Elle crut que la vieille dame se trompait, tellement il lui semblait que Robert Bartale lui était familier de tout temps. Elle l’ignorait cependant quelques minutes auparavant, mais son imagination le lui avait révélé, comme elle ne croyait pas qu’il pût exister.

Il était grand, mince et Souple. Ses cheveux châtains pouvaient plaire également aux blondes et aux brunes. Sa moustache à l’américaine découvrait le dessin de sa bouche fine.

Il se montrait vite souriant, mais ce sourire savait si bien varier ses expressions, qu’il enchantait les tendres, les sévères et les ironiques.
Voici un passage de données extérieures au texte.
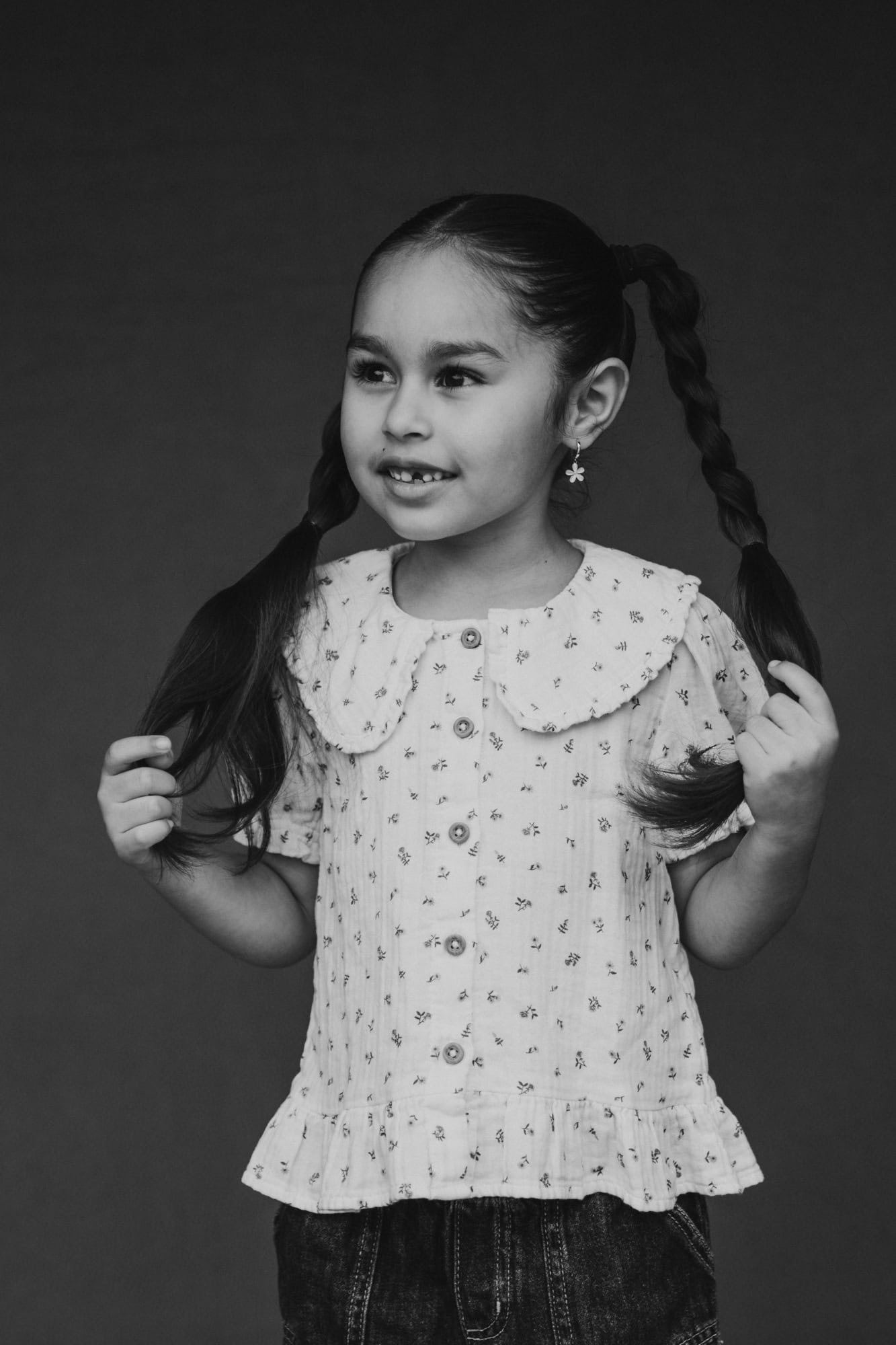 Fine art homeschool school photo by San Diego school photographer of young girl with pigtail braids, smiling softly and holding her hair.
Malgré cette diversité de séduction, Robert Bartale conservait un aspect sincère, déférent et bon.

Il était riche et se contentait d’être un chartiste distingué, pour son plaisir seul.

Il revenait d’un séjour en Italie et son esprit était rempli des visions du paysage. Ses trente ans accusaient l’enthousiasme d’un poète, au geste mesuré, à la parole chaude, mais un enthousiasme de bon ton, sans éclat, vibrant sans emballement.